> _Your assignment_: Each line below needs to be returned exactly. Skip any picture.

#### Dataset extract ####

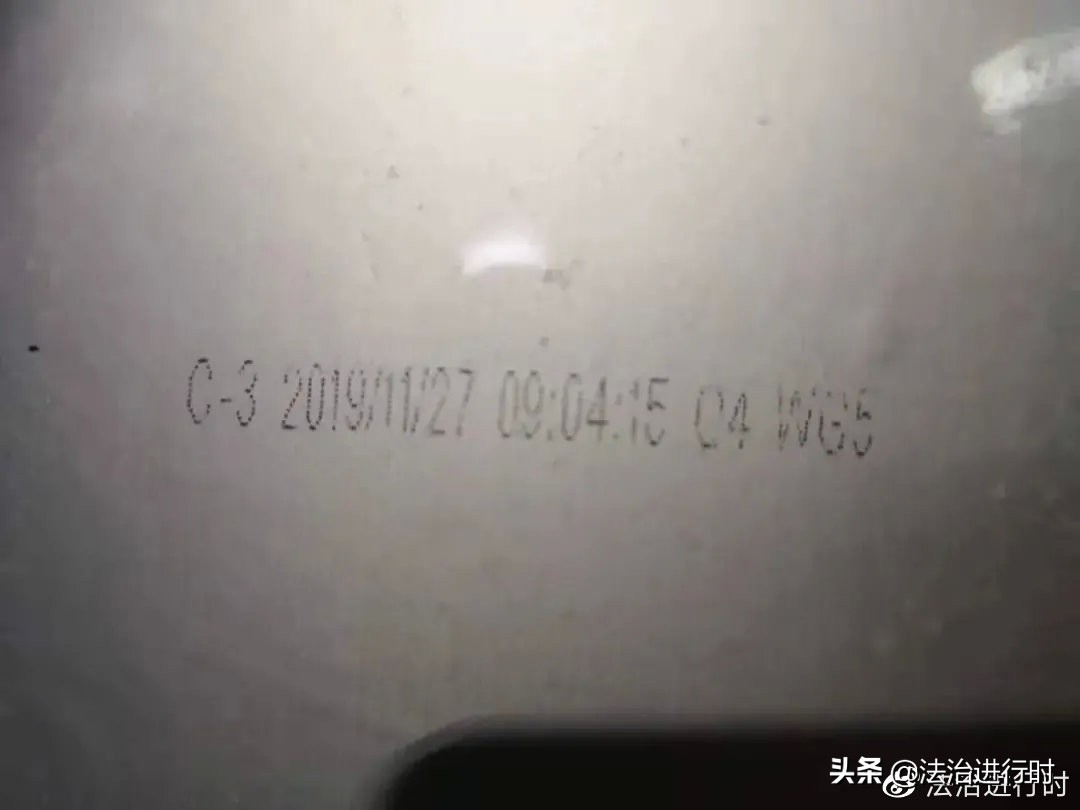 电动自行车电池潜规则,电动自行车电瓶不行的表现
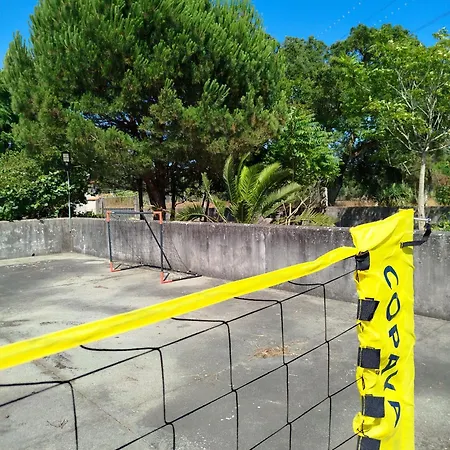 Cosy By L'arche De Jo Апартаменты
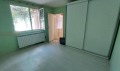 Продава КЪЩА, град Шумен, Добруджански • 260000 лв. • 11759370 — Holmes.bg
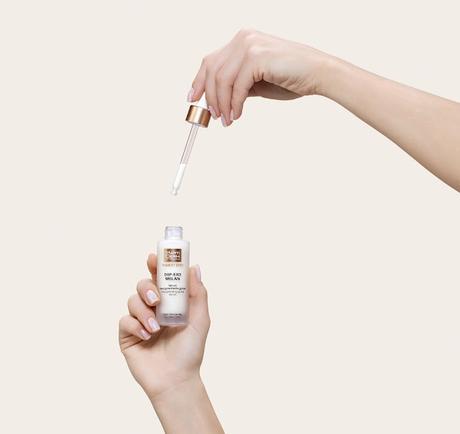 10 Novedades para piel y bienestar que marcan la diferencia este otoño/ invierno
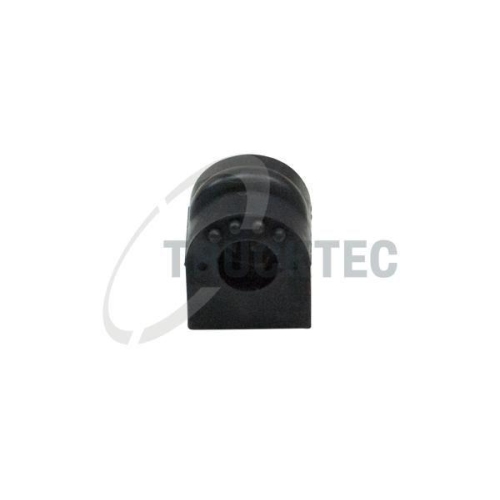 TRUCKTEC AUTOMOTIVE Lagerung, Stabilisator 02.30.269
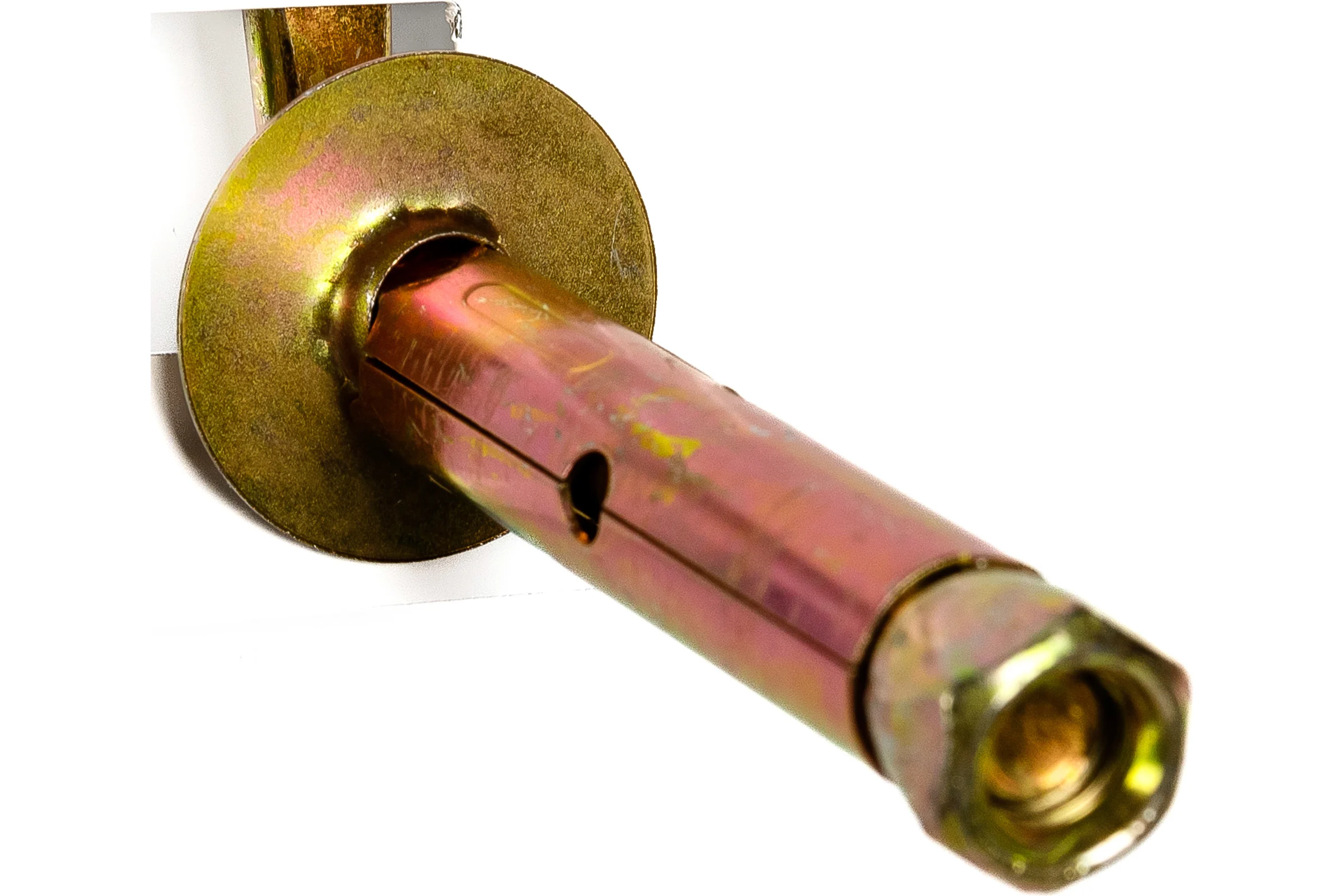 Бойлер косвенного нагрева Royal Thermo AQUATEC INOX RTWX-F 80 НС-1201235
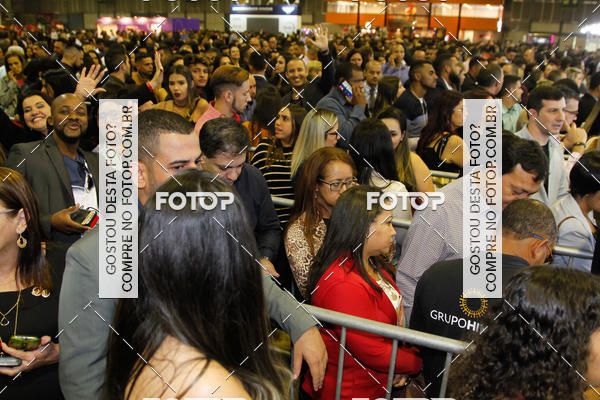 Buy your photos of the eventHinode Fest 18/08 on Fotop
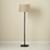 Lamp_Floor_GmKh_V1_1011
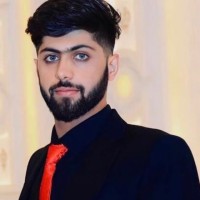 Elhamuddin Dadkhwah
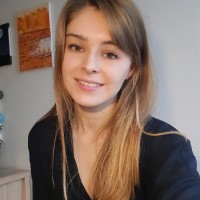 Agata Sobieszek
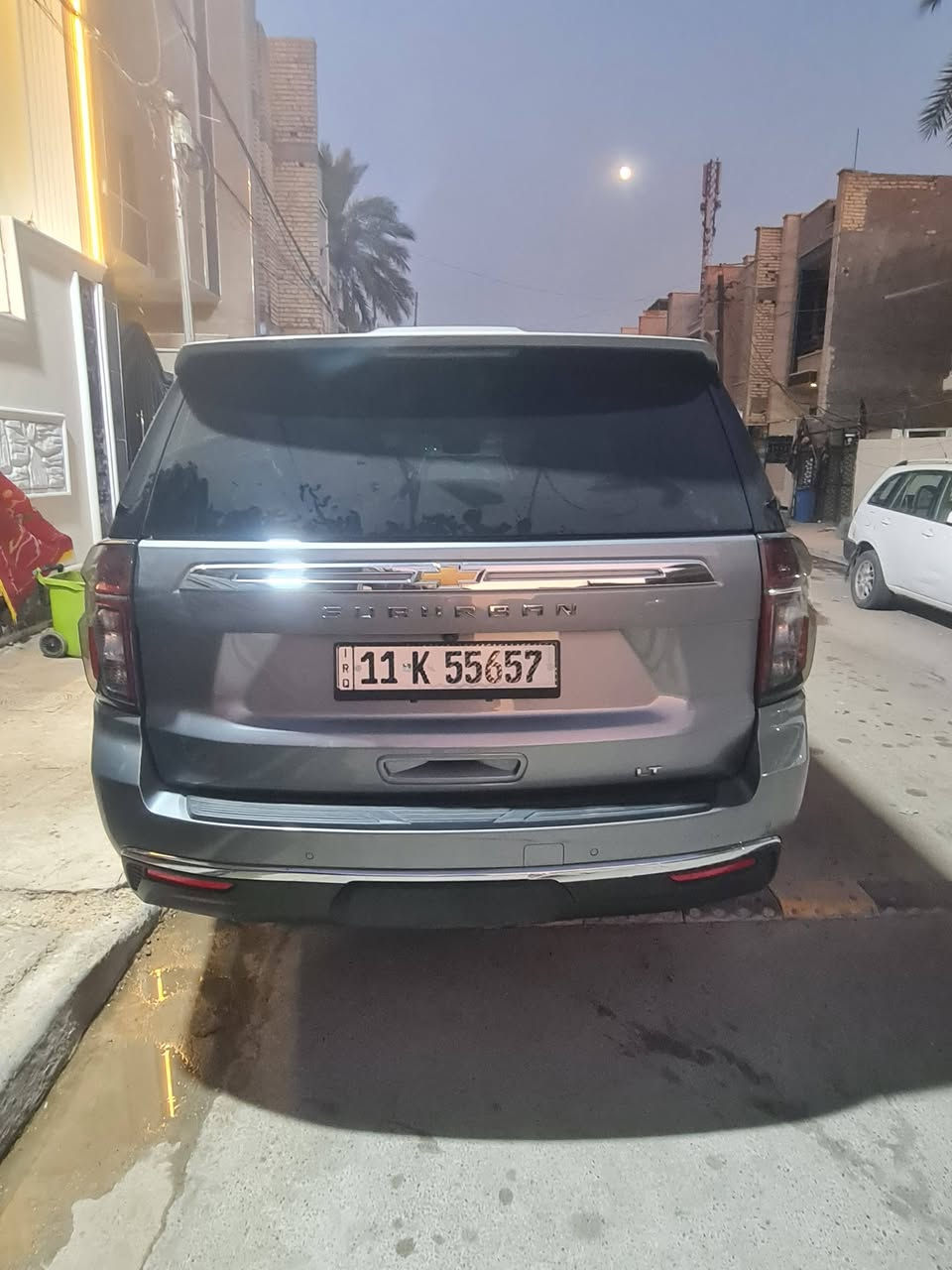 سلام عليكم شوفر ليت سوبر بان موديل 24بغداد شهداء دخول جديد LT ***********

####

> _The answer_:
 电动自行车电池潜规则,电动自行车电瓶不行的表现
 Cosy By L'arche De Jo Апартаменты
 Продава КЪЩА, град Шумен, Добруджански • 260000 лв. • 11759370 — Holmes.bg
 10 Novedades para piel y bienestar que marcan la diferencia este otoño/ invierno
 TRUCKTEC AUTOMOTIVE Lagerung, Stabilisator 02.30.269
 Бойлер косвенного нагрева Royal Thermo AQUATEC INOX RTWX-F 80 НС-1201235
 Buy your photos of the eventHinode Fest 18/08 on Fotop
 Lamp_Floor_GmKh_V1_1011
 Elhamuddin Dadkhwah
 Agata Sobieszek
 سلام عليكم شوفر ليت سوبر بان موديل 24بغداد شهداء دخول جديد LT ***********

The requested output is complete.